Mr. Leung, Beijing’s hand-picked top official in Hong Kong, called for an “immediate” halt to the protests, which are seeking for China to allow voters in the semiautonomous city to elect their leaders without Beijing’s interference.
Meanwhile, in London, British Prime Minister David Cameron said he planned to summon the Chinese ambassador to discuss the dispute, saying it is essential that Hong Kong’s people have a genuine right to choose their top leader, The Associated Press reported.
Participants in the “Umbrella Revolution,” named for the umbrellas protesters use to fend off the weather and tear gas, said they believe the Beijing government is clueless.
“Tens of thousands of people are demonstrating, yet the government is ignoring it,” said Kawai, 29, who has been protesting over the past few days. “My heart breaks to see the government treating the people this way. But I am touched that people who now have no choice but to come out and express themselves are helping each other.”
Protests began last week, with students boycotting schools and universities to demand free elections in 2017, which had been promised by China when it took over the former British colony in 1997. Beijing granted Hong Kong certain civil liberties via a miniconstitution and elections for its top post.
But in proposed guidelines for the vote published in late August, China’s leadership granted the “one man, one vote” rule but rejected an open nomination process for candidates for the city’s leadership post of chief executive.
China wants to limit the number of candidates and make sure those selected are vetted by a committee the way it currently is done — by pro-Beijing elites — essentially leaving the top post under the control of the mainland Communist Party.
Pro-democracy demonstrators say the situation is unacceptable.

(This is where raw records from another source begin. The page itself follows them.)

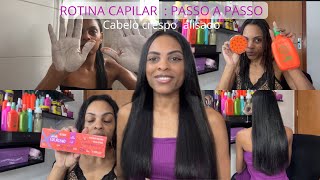 ROTINA CAPILAR DE UMA CRESPA ALISADA  PASSO A PASSO MEU CABELO CRESCEU MUITO [upl. by Irret]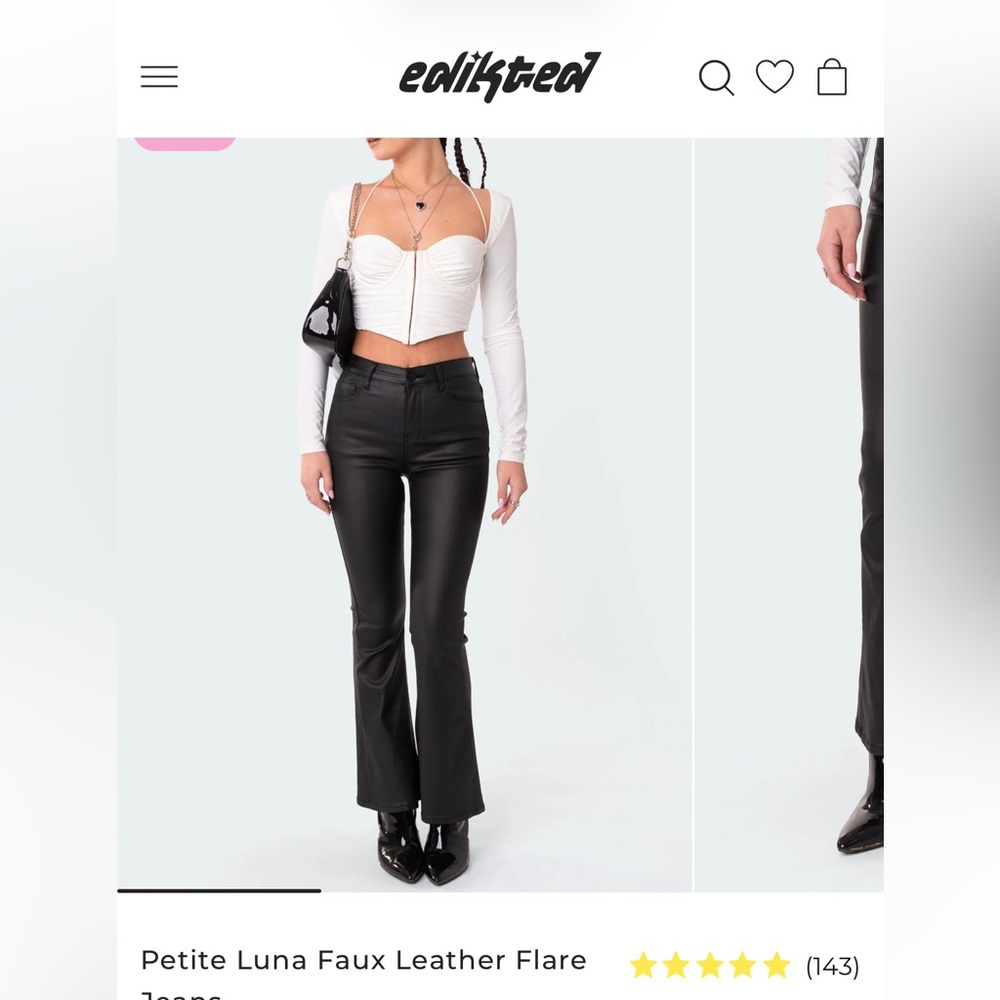 Edikted Sleek Black Faux Leather Flare Pants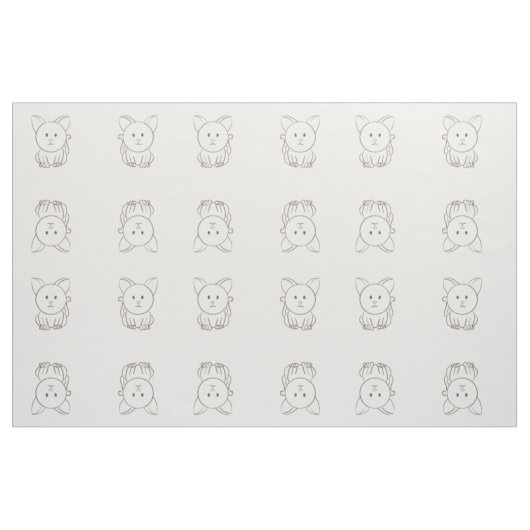 愛らしい猫のスケッチ ファブリック (ファットクウォーター)
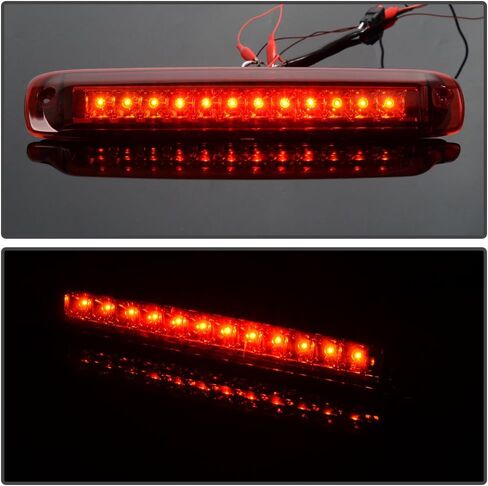 ANDPLAY LED الثالث الذيل الثالث مصابيح البضائع ضوء الفرامل متوافق مع تشيفي سيلفرادو جي إم سي سييرا 1500 2500 3500 1999 2000 2001 2002 2003 2004 2005 2006 عدسة حمراء in Kuwait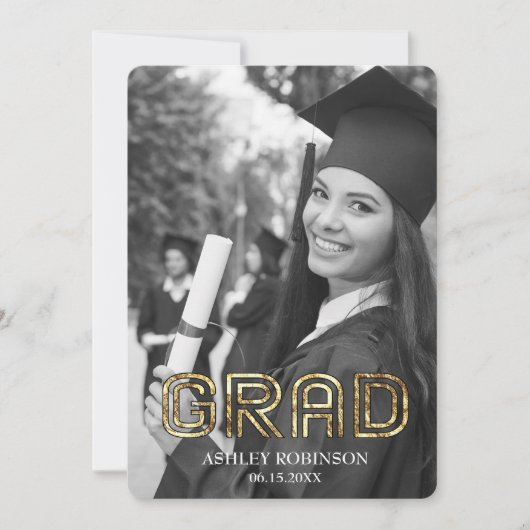 Mooie zwart-wit Afstuderen fotofeest Kaart (Voorkant)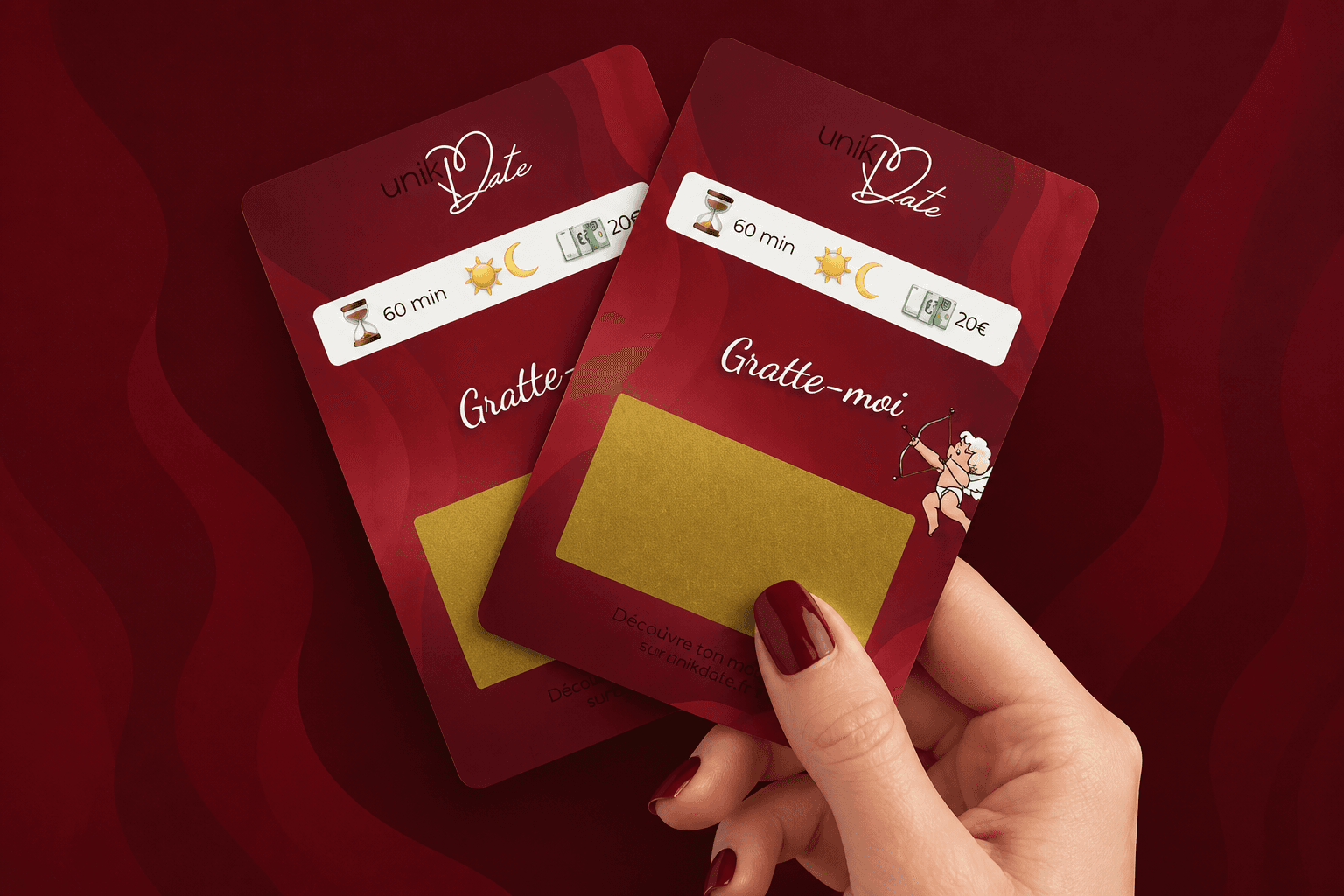 Deux cartes à gratter UNIKDATE tenues à la main
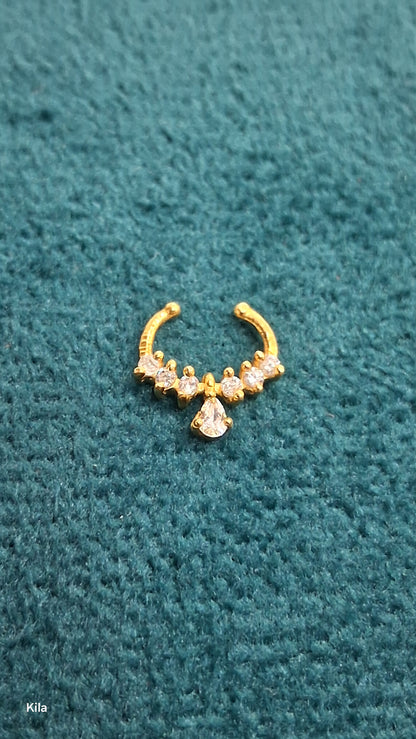 92.5 Silver Gold Plated Septum | Stylish Minimal Finish | Elegant Jewellery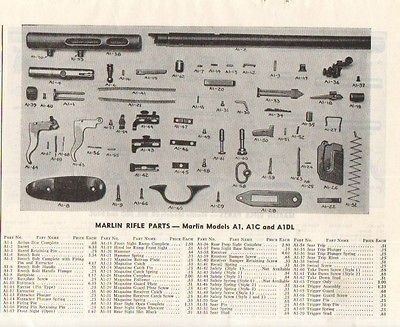 1953 MARLIN AD MODEL A1 A1C A1DL RIFLE PARTS LIST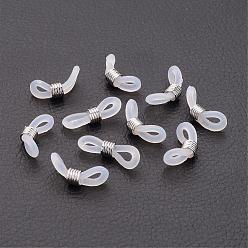 Platinum Eyeglass Holders, Glasses Rubber Loop Ends, with 304 Stainless Steel Findings, Platinum, 20x5mm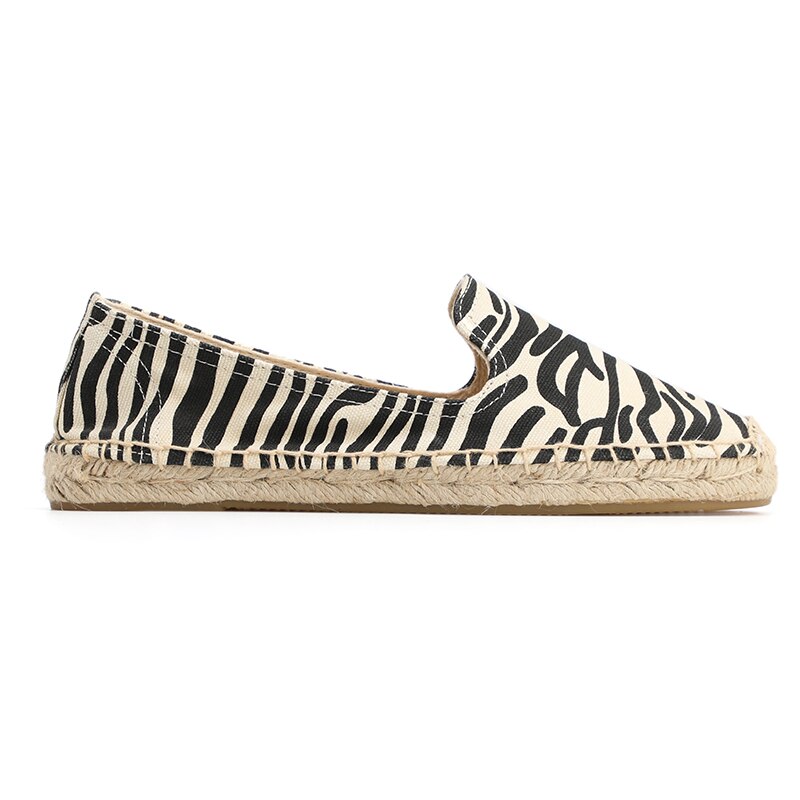 Zebra print women summer autumn shoes, close toe flat espadrilles ...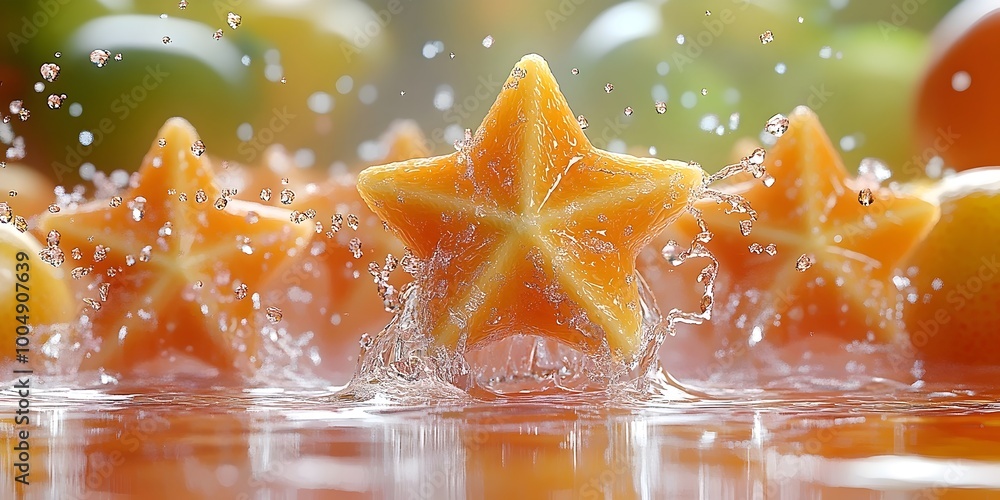 Poster a starfruit slice splashes into a pool of water, creating a vibrant and refreshing scene.
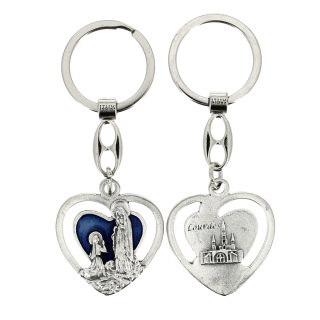 Portachiavi Cuore Madonna di Lourdes smalto 3,5x9 cm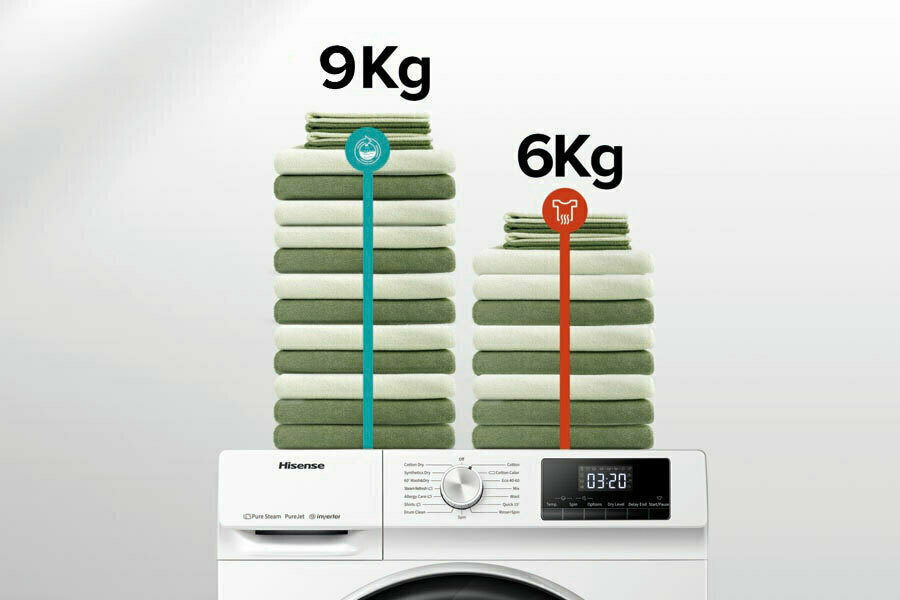 Hisense WDQY 901418 VJM Πλυντήριο-Στεγνωτήριο Ρούχων 9kg/6kg Ατμού 1400 Στροφές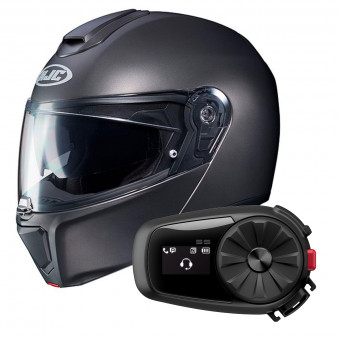 Klapp HJC RPHA 90 S Semi Flat Titanium + Kit Bluetooth 5S Solo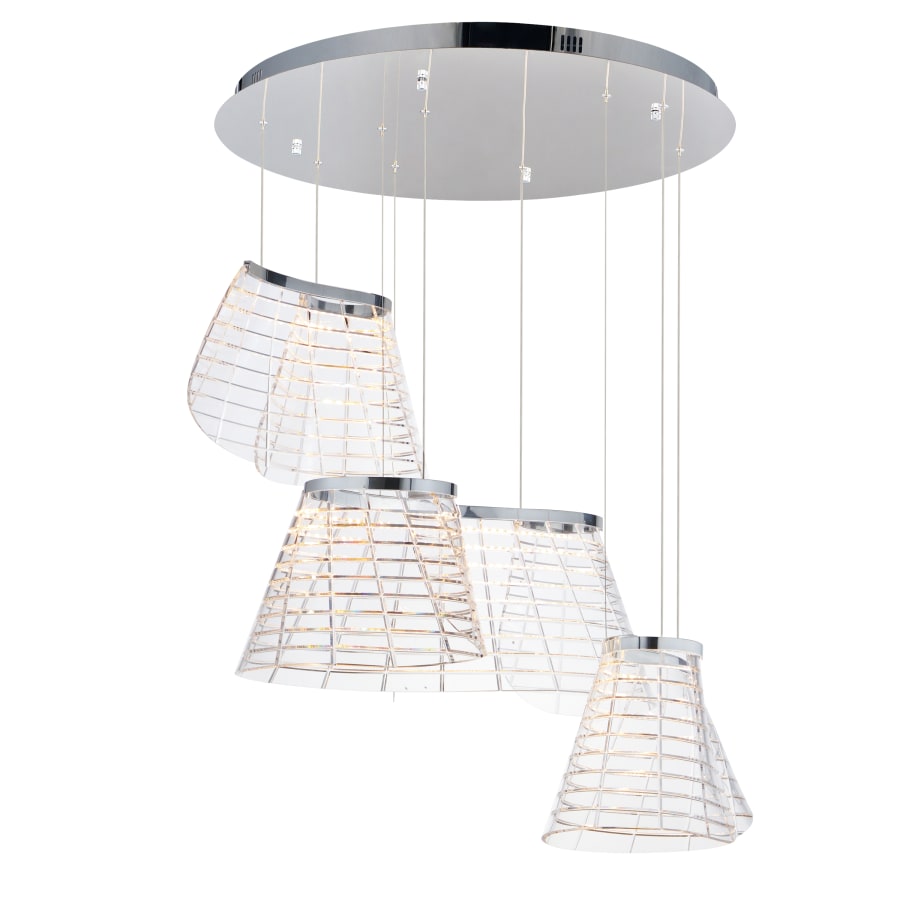 ET2 Tartan 3 Light 24" Wide LED Abstract Multi Light Pendant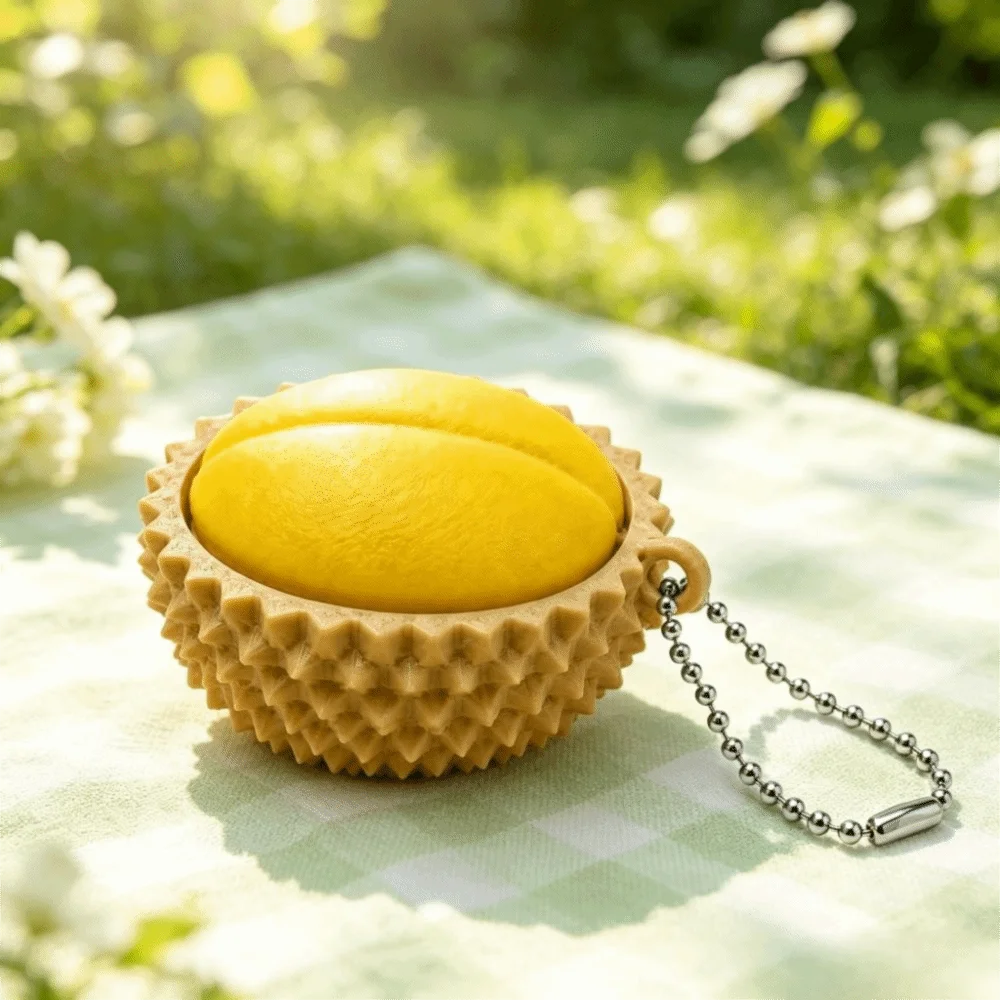 Simulation Fruit 3D Printed Keychain Simulation Vegetables 3D Printed Fidget Keychain Cute Food Shaped Reduce Pressure Keychain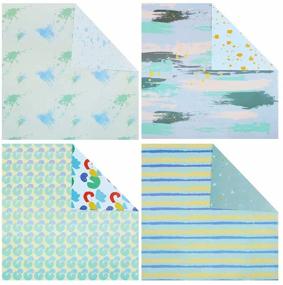 img 2 attached to 🎁 Pastel Wrapping Paper: Reversible, Neutral Baby Boy Shower Gift Wrap for All Occasions - 12 Folded Sheets, 35 X 27.5 inches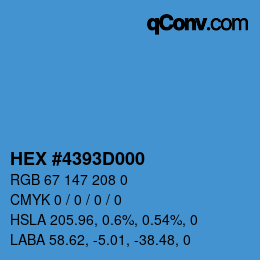 Farbcode: HEX #4393D000 | qconv.com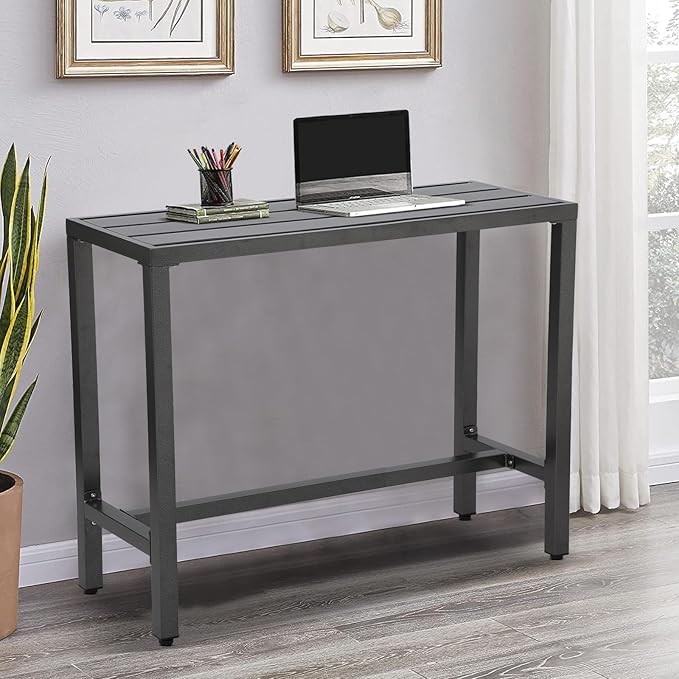 Outdoor Bar Table, Patio Console Pub Height Tables with Powder Coated Steel Frame, Weather Resistant Waterproof Top for Hot Tub, Balcony, Garden, Yard, Poolside (Grey, 55" Bar Table) Sumshadow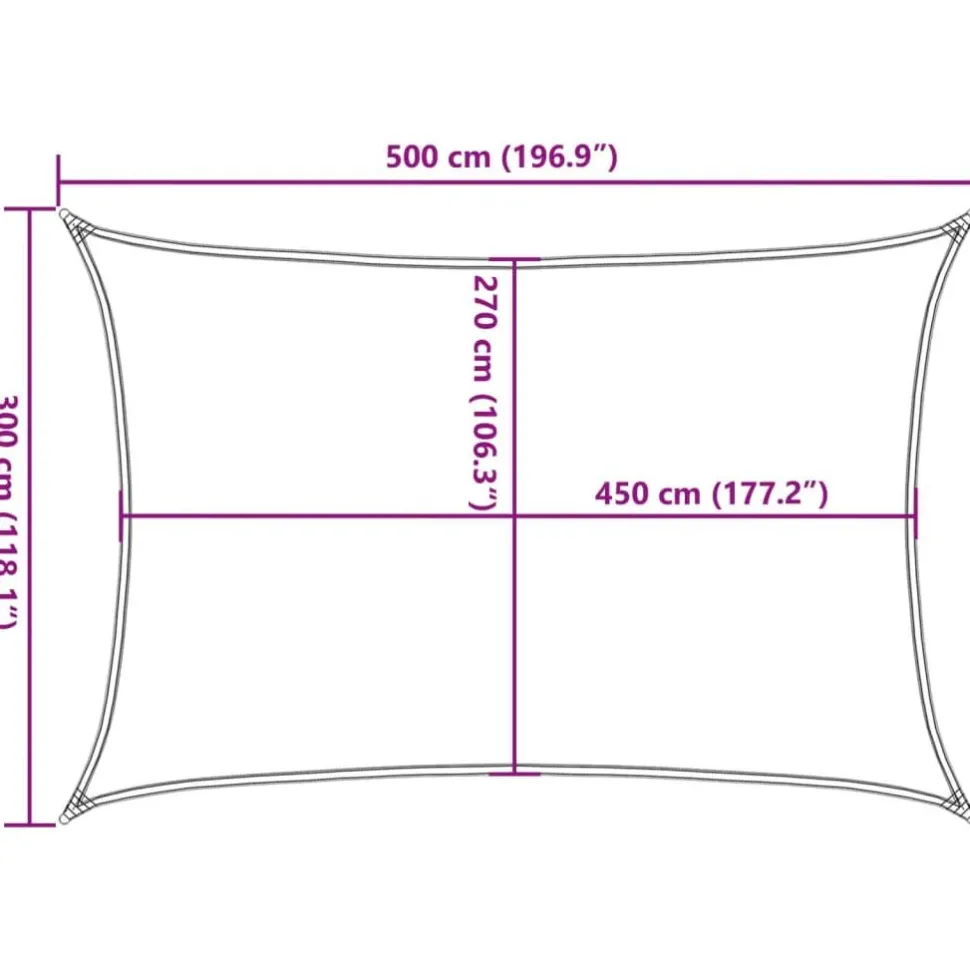 Aurinkopurje, 160 g/m² HDPE, eri värejä ja kokoja (16419)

That they have added to their list of demands that the city’s leader resign is a significant development, say analysts.
“It shows that [these demonstrations] are against Beijing but also against their own government,” said Nadine Godehardt, Asia analyst at the German Institute for International and Security Affairs in Berlin.
Still, the demonstrations have reminded many outside of Hong Kong of the deadly crackdown on pro-democracy protesters at Tiananmen Square in 1989.
But observers say the impetus is different.
“What is happening now in Hong Kong, it is also definitely a generational question,” said Ms. Godehardt. “We see the growing frustration of very young people, who were born in the 1990s, fighting for democracy, because they were raised with the idea that at some point they will have free elections and now they feel simply disappointed by the Chinese government that this is no longer possible.”
The international community is worried over Chinese intervention in Hong Kong. But analysts say that would only occur if the city’s leadership requested it. At the same time, a crackdown over the weekend with tear gas and batons drew thousands more onto the streets and broadened the protests.